With growth likely to remain anaemic or non-existent, few will dispute that there is a reasonable debate to be had about the services the state should provide and how they should be paid for. But with her provocative support for cuts, Lamont has fallen into a giant SNP elephant trap.

The speech itself was considerably more nuanced than most of the headlines suggest, but her echo of Conservative rhetoric - "something for nothing" - has allowed Alex Salmond's party to present itself as the defender of the poor against a Labour Party dedicated to savage cuts. Rather than implying that cuts were inevitable, Lamont should have presented voters with a choice: higher taxes or lower spending? In fact, she did just that, stating "if we wish to continue some policies as they are then they come with a cost which has to be paid for either through increased taxation, direct charges or cuts elsewhere.

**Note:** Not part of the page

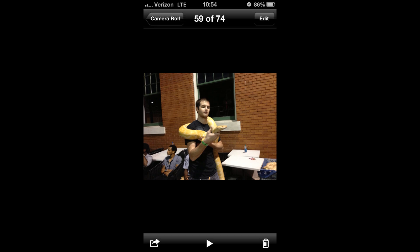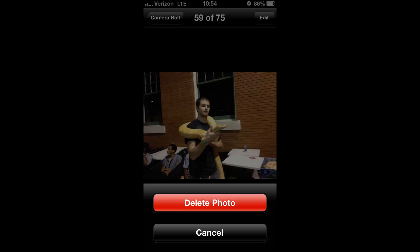You have the option to edit in the top right, and you can share it in the bottom left. So if you want to delete the photo, go ahead and click on the trash can, and you'll notice that you get a little confirmation that pops up, and one of your options is to delete the photo. It's that simple — hit delete photo, and it's gone.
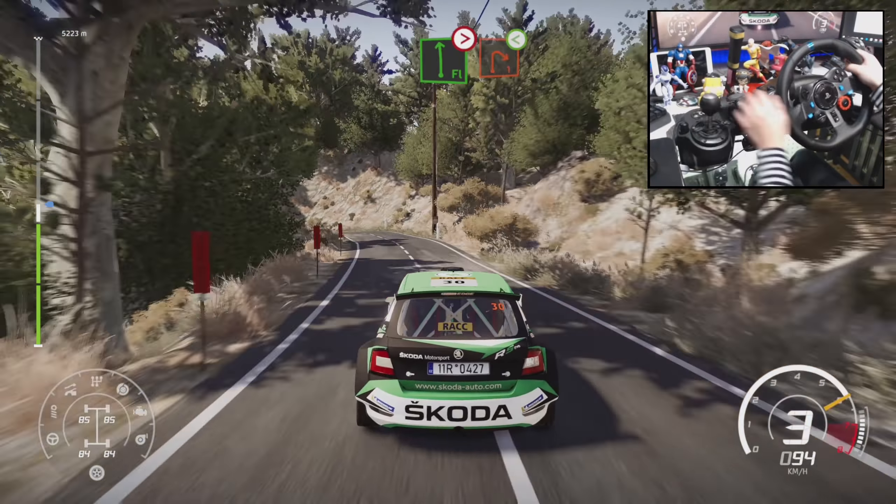Right 4, tightens over crest, left 6, open, long over crest, 30, right 4, short, and left 6.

If we do not confront these hard decisions soon, then the choice will be taken from us when we will be left with little options." But the provocative language elsewhere in the speech meant any nuance was lost.

In challenging the concept of universal benefits, Lamont has underestimated the strong body of popular support that exists for them. "What is progressive about a banker on more than 100,000 a year benefitting more than a customer on average incomes from the council tax freeze?,"  she declared. But universal public services, to which all contribute and from which all benefit, are the essence of social democracy. Once this principle is abandoned, greater cuts will inevitably follow as the rich, no longer receiving, have less incentive to give (you could call it "nothing for something"). For this reason, as Richard Titmuss sagely observed, "services for the poor will always be poor services". If Lamont is not to alienate many of her party's natural supporters, she should reassure them that she still recognises as much.

Scottish Labour leader Johann Lamont said that Scotland could not be "the only something for nothing country in the world". Photograph: Getty Images.

George Eaton is political editor of the New Statesman.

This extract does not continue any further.